Logo de cara, a agremiação atrasou a entrada na pista e depois o que se viu na apresentação foi uma estranha alteração na ordem das alas e demais dispositivos alegóricos, diferente da planta baixa apresentada previamente.
Mas o maior flagrante foi a recusa de integrantes da escola em acelerar o ritmo da evolução, mesmo diante da iminente punição pelo atraso, o que acabou se confirmando. O regulamento diz que estourar o limite máximo de 70 minutos enseja a desclassificação sumária da agremiação.
Enredo
A escola “Soli” levou pra avenida Ivaldo Veras o enredo ‘O Tambor que Liberta – A história dos tambores proibidos’.

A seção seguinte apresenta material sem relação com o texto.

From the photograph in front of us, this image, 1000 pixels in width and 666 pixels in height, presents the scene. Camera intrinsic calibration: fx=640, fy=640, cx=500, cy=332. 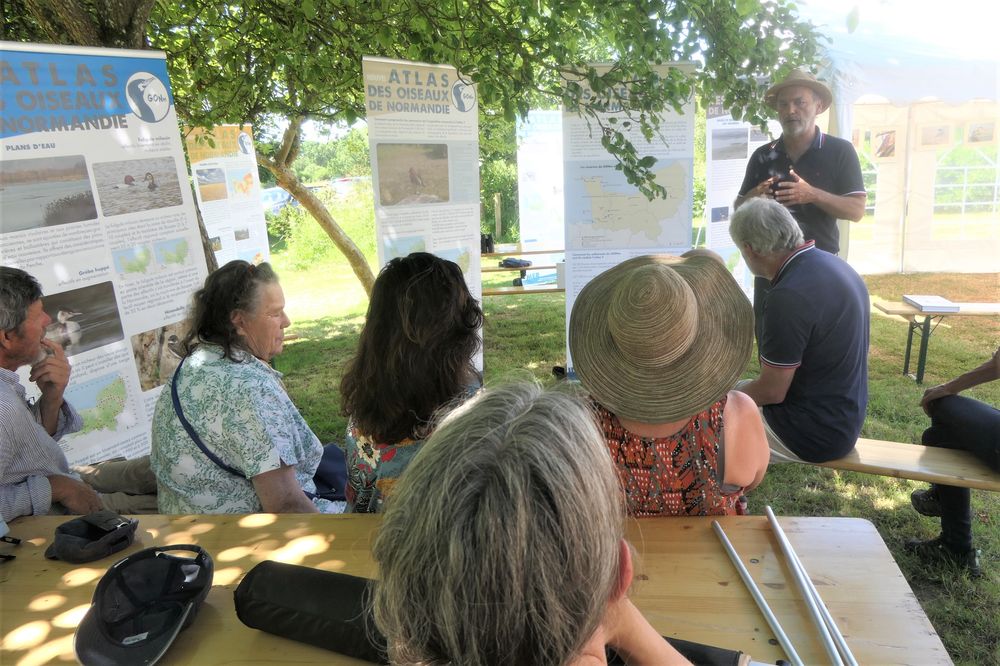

A terceira escola a desfilar do grupo de acesso, se apresentou em 1h22 minutos, estrapolando tempo determinado de 80 minutos.
A escola, que desfilou com aproximadamente 600 brincantes, foi a primeira a pisar na avenida do samba, neste sábado de carnaval, no sambódromo.
Histórico
A Escola de Samba Solidariedade, oficialmente denominada de ASSOCIAÇÃO RECREATIVA IMPÉRIO DE SAMBA SOLIDARIEDADE, com sede no bairro Jesus de Nazaré, foi fundada em 15 de Janeiro de 1983.
O jacaré é o símbolo da escola, que adotou as cores verde-limão, grená e branco na bandeira.
Criada como bloco, o ‘Soli’, como é apelidada, se consolidou como escola de samba. Ao longo dos anos, conquistou diversos títulos, tornando-se uma das agremiações mais tradicionais do carnaval de Macapá.